Chicago, Illinois 60654

 
 

(312) 862-2000

 

www.kirkland.com

 

 

Facsimile:

(312) 862-2200

 

  November 30, 2015  

CDW Corporation

200 N. Milwaukee Avenue

Vernon Hills, Illinois 60061

Ladies and Gentlemen:

We are acting as special counsel to CDW Corporation, a Delaware corporation (the “Company”), in connection with the registration by the Company of 9,200,000 shares of its Common Stock, par value $0.01 per share (the “Common Stock”), including shares of Common Stock to cover any exercise of the underwriters’ option to purchase additional shares, pursuant to the terms of the underwriting agreement, dated November 23, 2015 (the “Underwriting Agreement”), among the Company, certain stockholders of the company named in Schedule 2 thereto (the “Selling Stockholders”) and Barclays Capital Inc., on behalf of itself and as representative of the several underwriters listed in Schedule 1 thereto. The shares of Common Stock to be sold by the Selling Stockholders are referred to herein as the “Shares” and are being offered and sold under a Registration Statement on Form S-3 (Registration No. 333-199425) filed by Company and certain of its subsidiaries with the Securities and Exchange Commission (the “Commission”) on October 16, 2014 under the Securities Act of 1933, as amended (the “Act”) (such Registration Statement, as amended or supplemented, is hereinafter referred to as the “Registration Statement”), including a base prospectus dated October 16, 2014 (the “Base Prospectus”), and a prospectus supplement dated November 23, 2015 (together with the Base Prospectus, the “Prospectus”).

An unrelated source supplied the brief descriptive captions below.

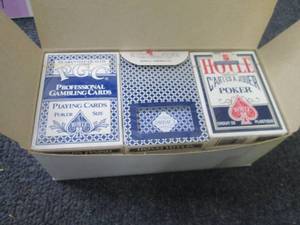 12 Decks Casino Playing Cards...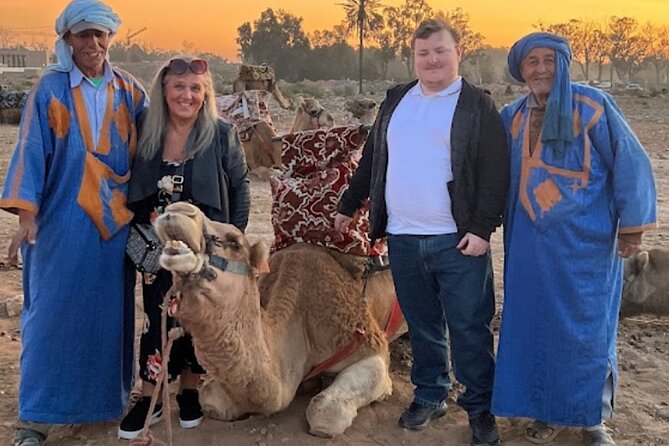Agadir Camel Rides with Tea Drink & cakes - Mint tea, cakes, and the local welcome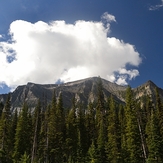 Fairview Mountain, Fairview Mountain (Alberta)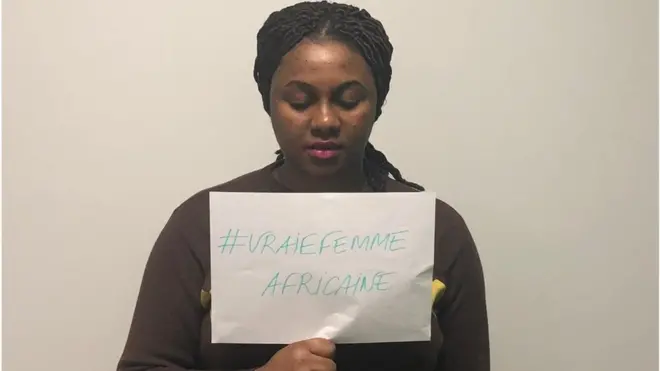 L'activiste ivoirienne Binetou Mariam Traoré présente le hashtag #UneVraieFemmeAfricaine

In that connection, we have examined originals, or copies certified or otherwise identified to our satisfaction, of such documents, corporate records and other instruments as we have deemed necessary for the purposes of this opinion, including (i) the corporate and organizational documents of the Company, including the Amended and Restated Certificate of Incorporation of the Company and the Amended and Restated Bylaws of the Company; (ii) resolutions of the Board of Directors of the Company with respect to the issuance of the Shares; (iii) the Registration Statement and the exhibits thereto and the Prospectus; and (iv) the Underwriting Agreement.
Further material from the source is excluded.